Egypt: Why is Israel so Blind?


MJ Rosenberg

The last several decades have shown that left-leaning politicos have been right about the nuances of the peace process.

Those of us in the pro-Israel, pro-peace camp do not enjoy being proven right — although we invariably are.

Our standard recommendation to Israel is that it should move quickly to achieve agreements with the Arab states and the stateless Palestinians before it is too late.

And the Israeli response is that there is no urgency to make peace — except on Israeli terms — because Israel is strong and the Arabs are weak.

The most egregious example of this phenomenon comes from Egypt, where in 1971 President Anwar Sadat offered to begin negotiations toward peace in exchange for a two-mile wide Israeli withdrawal from the east bank of the Suez Canal, which Israel had captured along with the rest of the Sinai Peninsula in the 1967 war.

Learning from history

The Nixon administration told the Israeli government to explore the idea because Sadat was intent on going to war if he did not get his territory back.

The peace camp in Israel and its allies here urged Israel to follow Nixon's advice and hear Sadat out. The lobby, of course, told Nixon to mind his own business.

As for the Israeli cabinet, it told Nixon's emissary, Assistant Secretary of State Joseph Sisco, that it had no interest in discussing Egypt's offer. It voted for keeping all of the Sinai Peninsula and sending Egypt a simple message: no. After all, the Egyptians had shown just four years earlier that they were no match for the IDF.

Two years later, the Egyptians attacked, and within hours all of Israel's positions along the canal were overrun and its soldiers killed. By the time the war ended, Israel had lost 3,000 soldiers and almost the state itself. And then, a few years later, it gave up the entire Sinai anyway - not just the two-mile strip Egypt had demanded in 1971.

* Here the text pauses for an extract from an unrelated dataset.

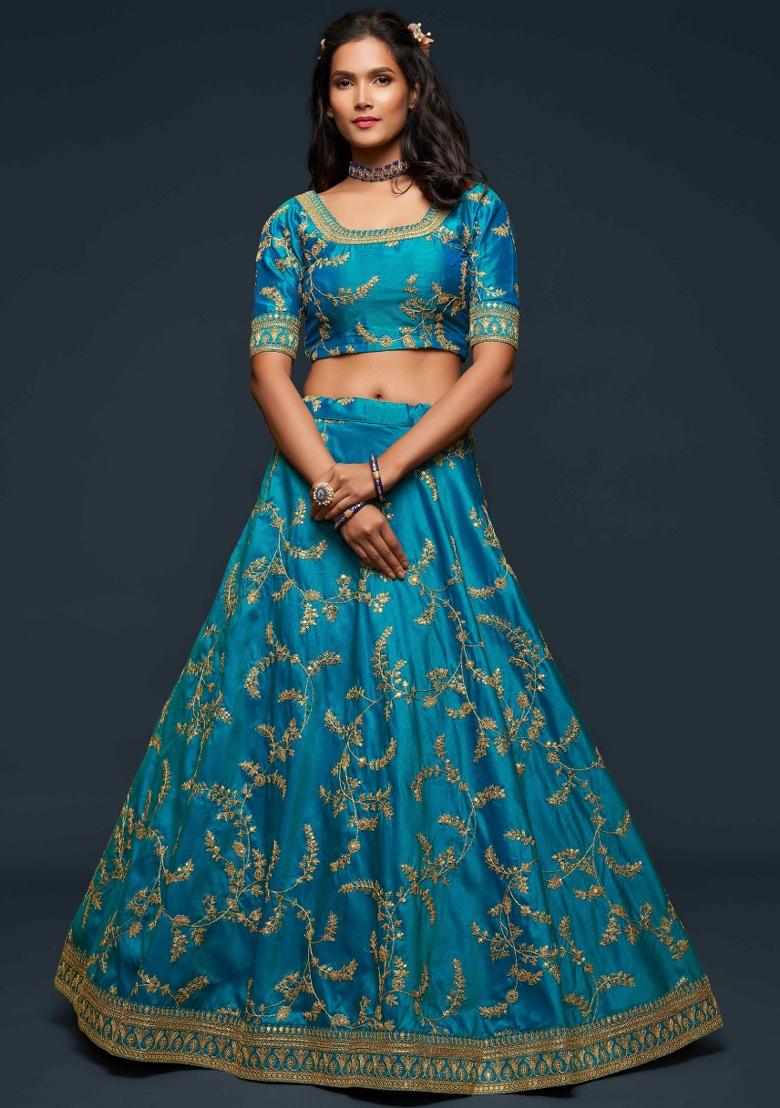 Turquoise Sequin Work Silk Blend Lehenga Set - Indya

The peace camp was proven right. But I don't recall anyone being happy about it. On the contrary, we were devastated. 3,000 Israelis (and thousands more Egyptians) were killed in a war that might have been prevented if the Israeli government had simply agreed to talk.

Reneging on Oslo

This pattern has been repeated over and over again. The Oslo Israeli-Palestinian peace process, which gave Israel its safest and most optimistic years in its history, collapsed after Prime Ministers Binyamin Netanyahu and Ehud Barak repeatedly refused to live up to its terms.

During the Oslo process, Yasir Arafat's Palestinian Authority did what it was supposed to do: it combated terrorism so effectively (Hamas had launched a series of deadly bus bombings to thwart the peace process) that Netanyahu himself telephoned Arafat to thank him. By 1999, terrorism was effectively defeated in Israel. It was an amazing time, with the free and safe movement of goods and people from Israel to the West Bank and back again - not the way it is today with a towering wall separating Israelis from Palestinians and dividing Palestinians on one side from Palestinians on the other.

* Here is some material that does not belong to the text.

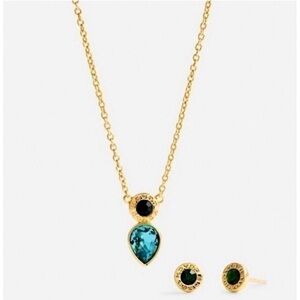 Coach Necklace and Earring Set with Blue and Green Stones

But the temporary end of terrorism did not achieve the transfer of any actual territory to the Palestinians. Netanyahu and Barak nickeled and dimed the Palestinians to death - actually, to the death of the peace process, which for all intents and purposes is now buried. By the time Clinton convened the Camp David summit in 2000, any good will between the two sides was gone.

One could go on and on. According to President Bill Clinton, Prime Minister Ehud Barak could have had peace with Syria in 2000 until, at the very last minute, Barak chickened out. He was afraid of the settlers. The opportunity for full peace with Syria, which would almost certainly also mean peace with Lebanon, as well as a lowering of tensions with Syria's ally, Iran, came again in December 2008.

Missed opportunity

The Turks had brokered a deal with the Syrians that Prime Minister Olmert celebrated with a five-hour Ankara dinner with Turkish Prime Minister Recep Tayyip Erdogan. Olmert went home. The Turks waited for Israel's final approval.

And then this is what happened next, according to Israeli New York University professor Alon Ben-Meir:

To the utter surprise and dismay of the Turkish government, five days after Olmert returned to Jerusalem, Israel began a massive incursion into Gaza. Ankara felt betrayed by the Israeli action and deceived by Olmert's failure to inform the Turkish Prime Minister of Israel's pending operation of which he, as the Prime Minister, was obviously fully aware of and could have disclosed to his Turkish counterpart while he was still in Ankara. For Mr. Erdogan, the problem was compounded not only because he did not hear from Olmert the message of peace which he eagerly anticipated, but a 'declaration' of war with all of its potential regional consequences.

It is hard to describe the depth of the Turks' disappointment, not only because they were left in the dark, but because a major breakthrough in the Arab-Israeli peace process of historical magnitude was snatched away.

This incident was a major first step toward the collapse of Israeli-Turkish friendship, which - along with the relationship with Mubarak's Egypt - was the cornerstone of Israel's sense of security.

Who's left? Jordan. However, Israel consistently ignores King Abdullah's demands that it end the occupation of the West Bank and the blockade of Gaza.

And then there is the US. President Obama put his prestige on the line to achieve an end to the Israeli-Palestinian conflict but all Israel did in response was to ridicule him and reject every suggestion the president made - no matter that Israel receives more US aid than any other country, by far.

Anyone who cares about Israel at all has to be appalled by these repeated blunders - all backed by AIPAC and its cutouts in Congress.

Future steps

When will Israel's supposed friends learn?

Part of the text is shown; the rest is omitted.